Several Australian politicians have called for tough laws against animal activists, including increased penalties for trespass. Legislators in South Australia have been debating a Bill that could send those gathering undercover footage of cruelty on factory farms to jail for three years.

The attempt to introduce ag-gag legislation into Australia has provoked considerable public and political protest, and a raft of petitions against the proposed laws.

The Surveillance Devices Bill 2014 was debated by the South Australian Legislative Council yesterday (Tuesday) and will be voted on this week.

The Bill would ban the installation and use of surveillance devices and make it illegal to use, communicate, or publicise any information or images gathered through surveillance.
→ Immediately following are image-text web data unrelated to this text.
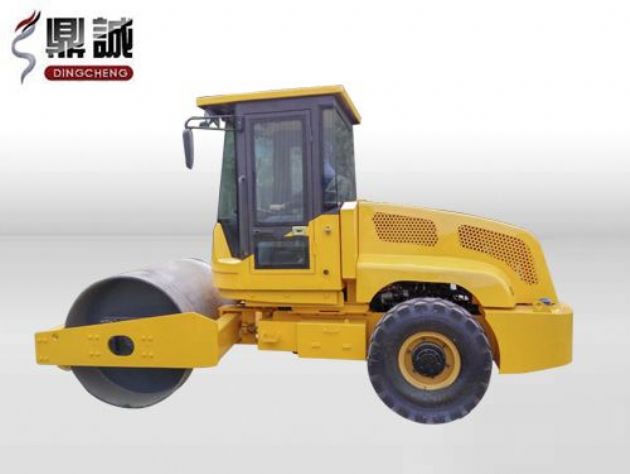 點擊查看詳細信息<br>標題：6噸單鋼輪振動壓路機 閱讀次數：13456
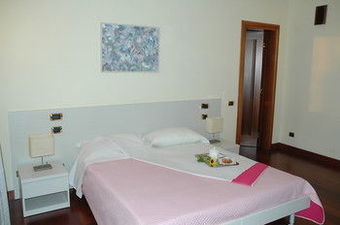 B&B Nelly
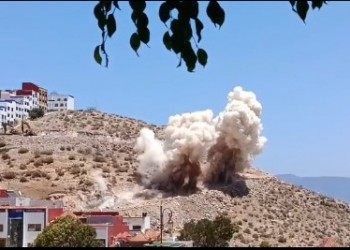 تفجير بالديناميت يربك سكان الحسيمة… والأشغال تتقدم على حساب الطمأنينة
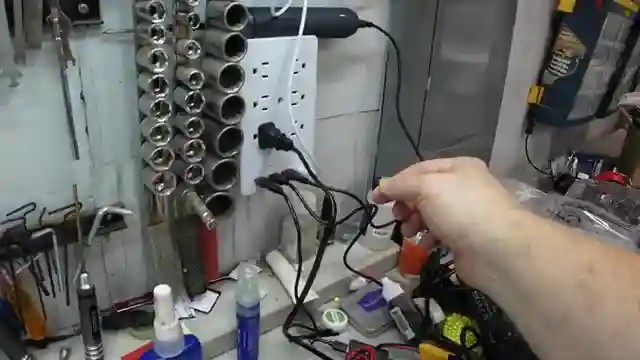 hoda-t6-review-compact-lipo-charger-guide-comparison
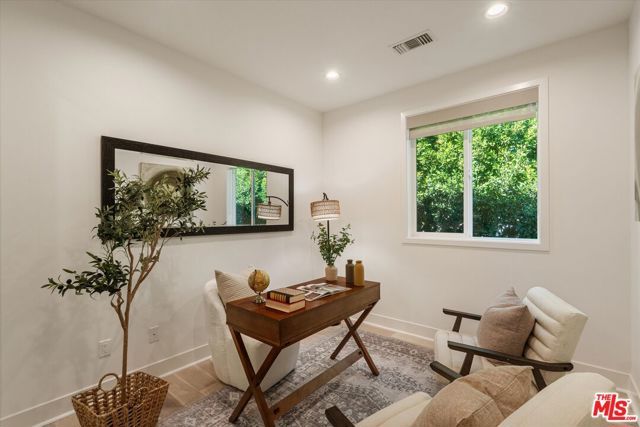 1741 S Marvin Avenue, Los Angeles, CA 90019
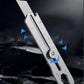 Coltello multiuso con lama retrattile a scatto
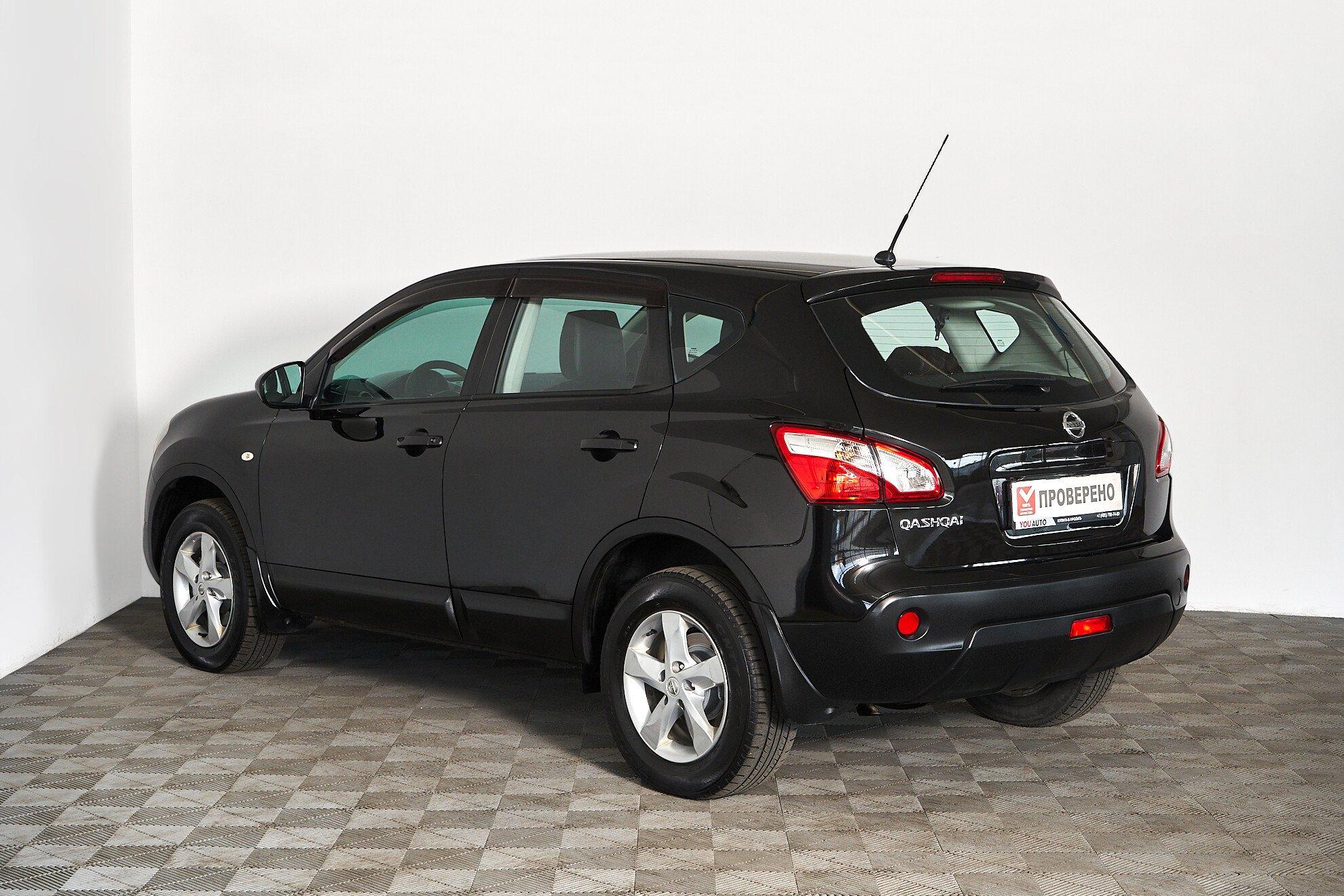 Nissan Qashqai 2011, черный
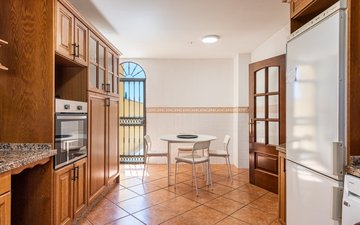 Property slide 10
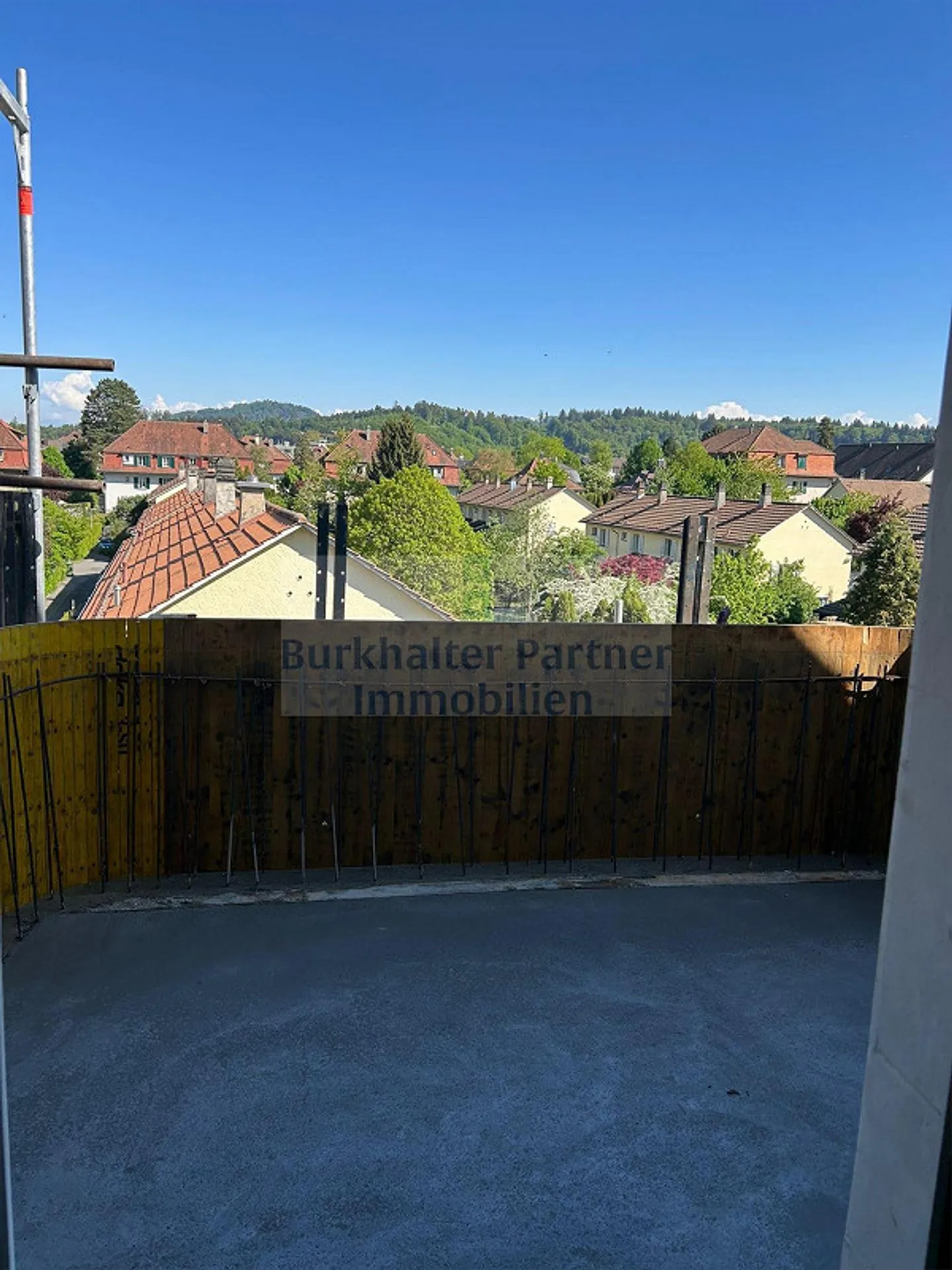 Après rénovation complète, nous louons les appartements suivants au Brünnenstrasse 65 à 3018 Berne à partir du 1er septembre 2026 : appartement en attique de 3,5 pièces, 2ème étage gauche appartement de 2 pièces, 1er étage milieu - Photo 5 sur 5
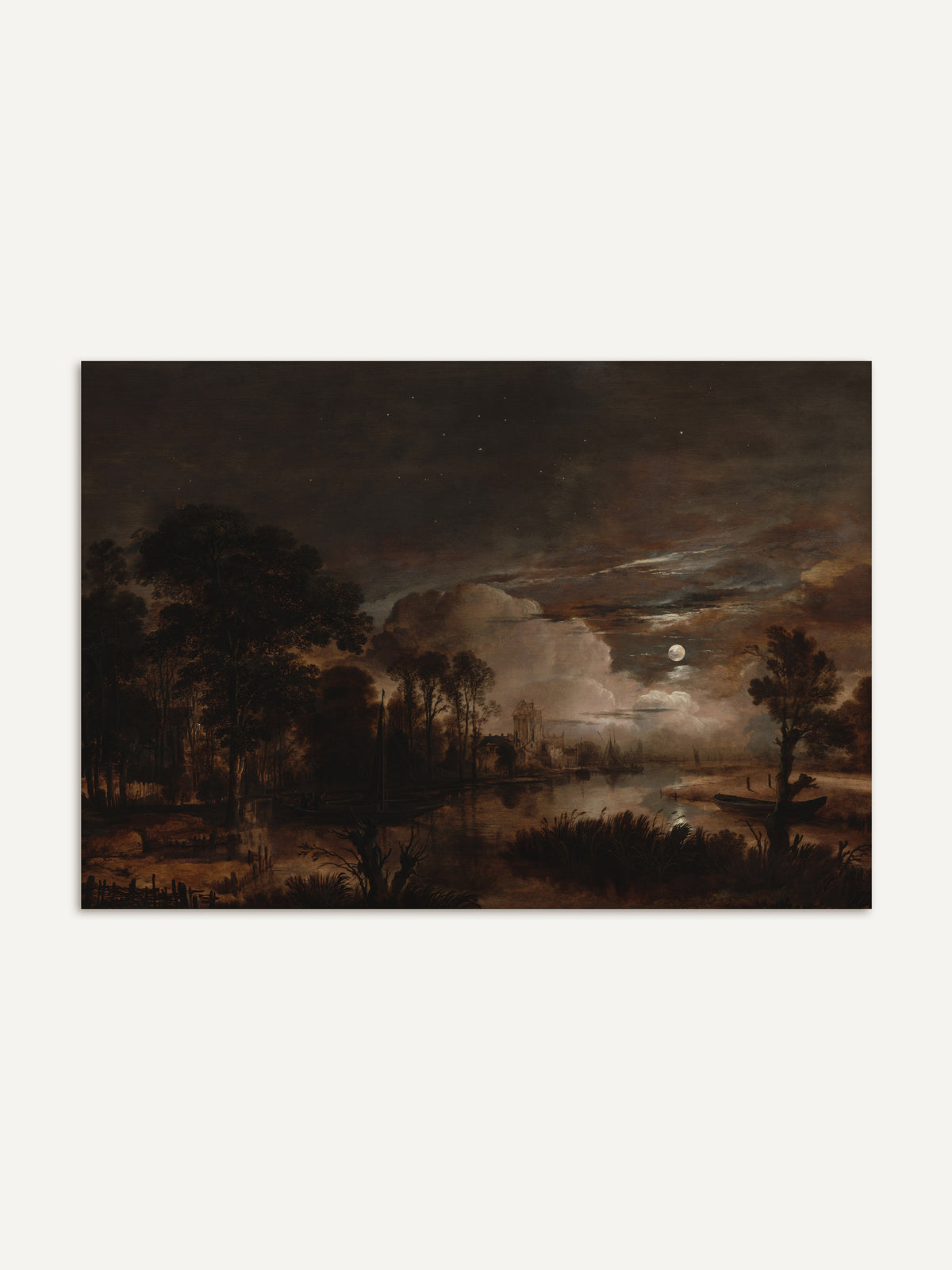 Kunstdruck einer Mondnacht über einem Fluss mit Burg, Segelbooten und Schilf, umrahmt von dunklen Bäumen. Das Dark Academia Wandbild in tiefem Braun und Rosé wirkt still und geheimnisvoll. #Rahmen_Ohne Rahmen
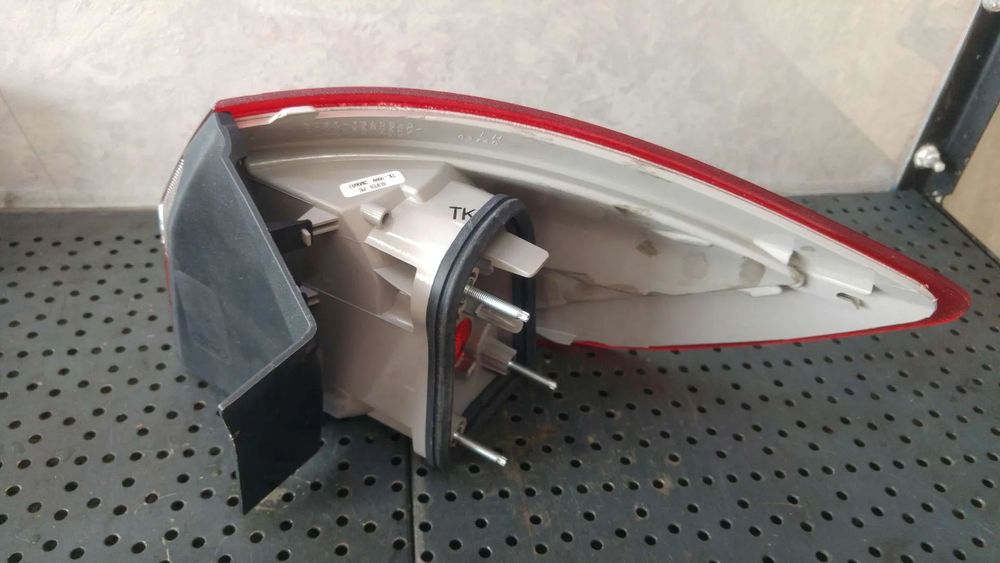 Stop tripla lampa stanga aripa ford mondeo 4 7s7113405b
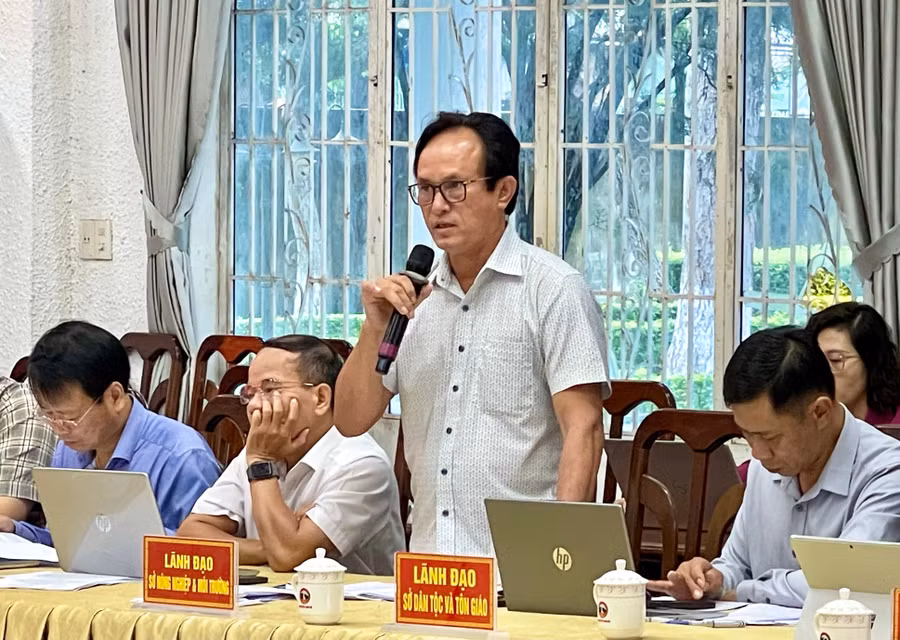 dai-dien-lanh-dao-so-nong-nghiep-va-moi-truong-de-xuat-mot-so-giai-phap-phat-trien-nong-nghiep-ung-dung-cong-nghe-cao-anh-vu-thao.jpg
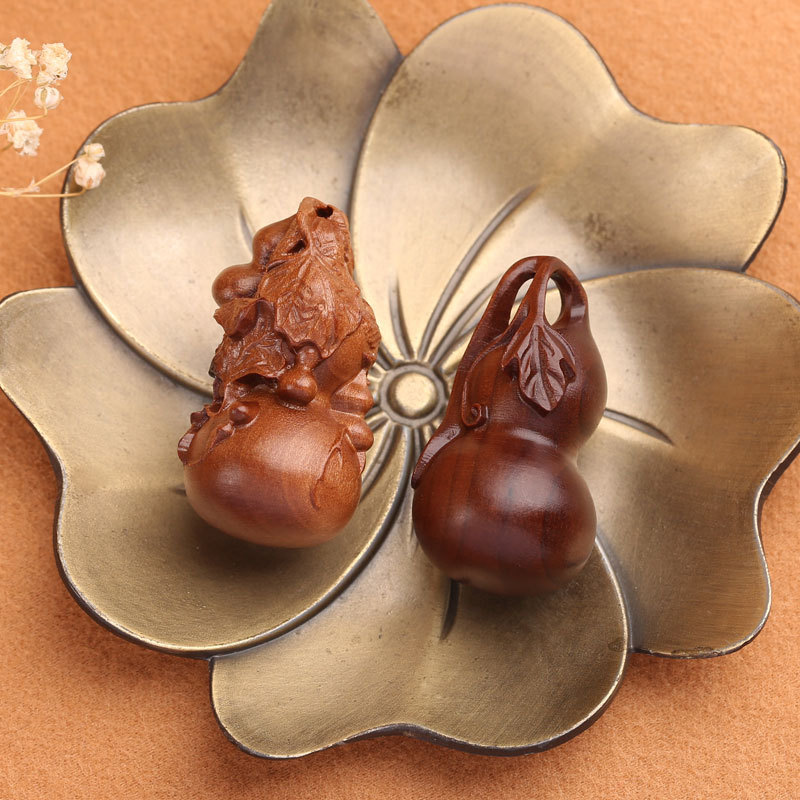 Lightning-struck jujube wood carved ornaments, gourd accessories, Taoist ritual implements, ornaments, handicrafts, gifts wholesale, small gourds pic 1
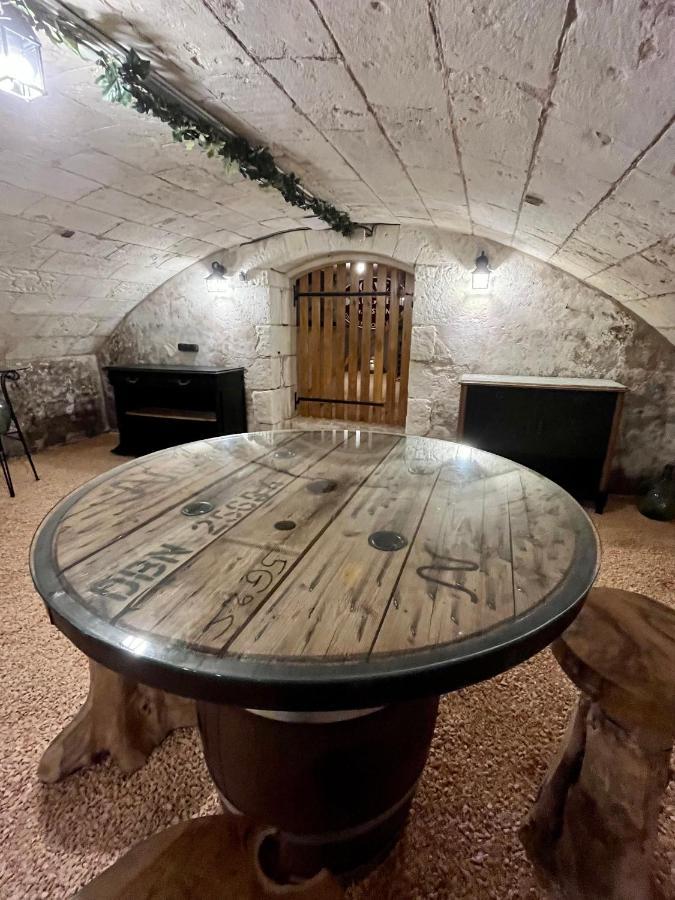 Cave Auger La Maison D'Hotes Restigne Экстерьер фото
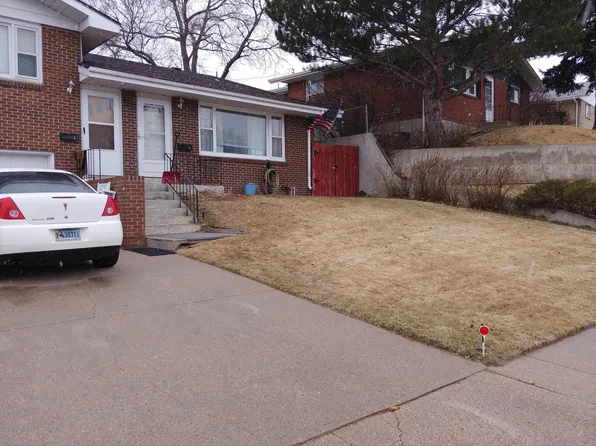 1725 Oxford Dr APT 2, Cheyenne, WY 82001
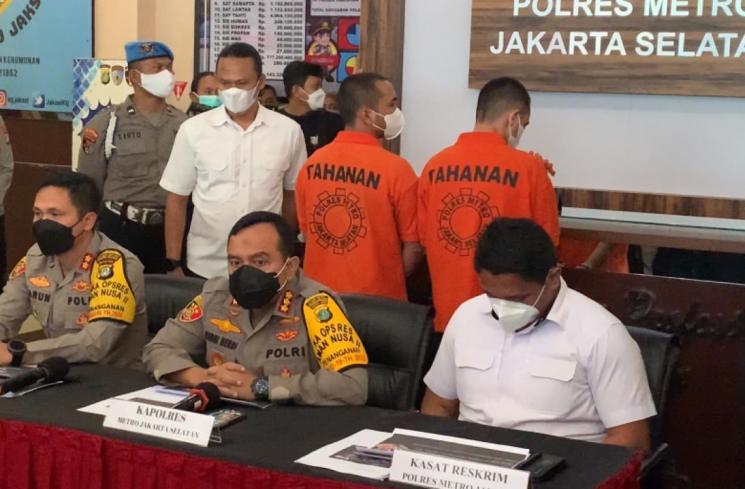 Putra Siregar dan Rico Valentino diperkenalkan sebagai tersangka dugaan pengeroyokan. (MataMata.com/Adiyoga Priyambodo)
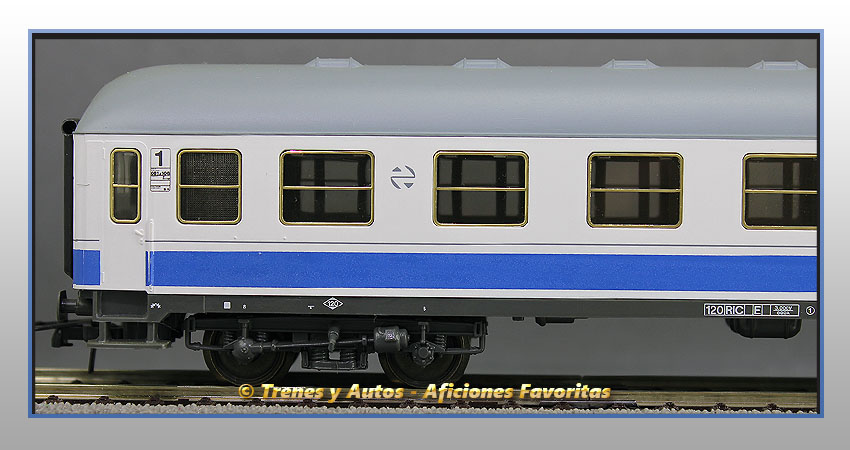Coche pasajeros Serie A10x-12116 "Danone" - Renfe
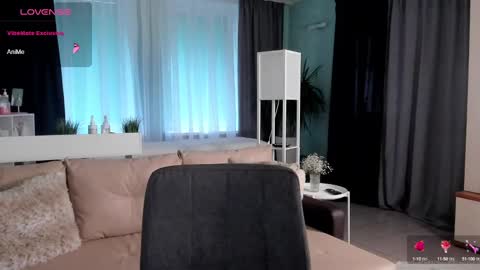 Snapshot of libby_nora chatting on 01/14/25, 09:13 Libby online show from 01/14/25, 09:13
While the legislation does not specifically mention agricultural facilities or factory farming, it is similar to ag-gag laws in place in the US.

Defending the voiceless

“These are draconian laws that seek to prevent animal advocates, the media, and agriculture workers from making public the often horrific truths behind factory farming,” said Emmanuel Giuffre, legal counsel for Voiceless, an independent and not-for-profit think-tank that works to alleviate the suffering caused by factory farming and the commercial hunting of kangaroos.

“If implemented, the Australian Bill will criminalise the release of information derived from unlawful surveillance to the public – stifling transparency, public debate, and media investigations into factory farm cruelty.

“Any individual activist, journalist, or whistle-blower who gathers footage undercover on a factory farm could face a 15,000 AUD fine or three years in jail.

“Images like these are the only window we have into the treatment of animals on factory farms and it should not be a crime to publicise them.”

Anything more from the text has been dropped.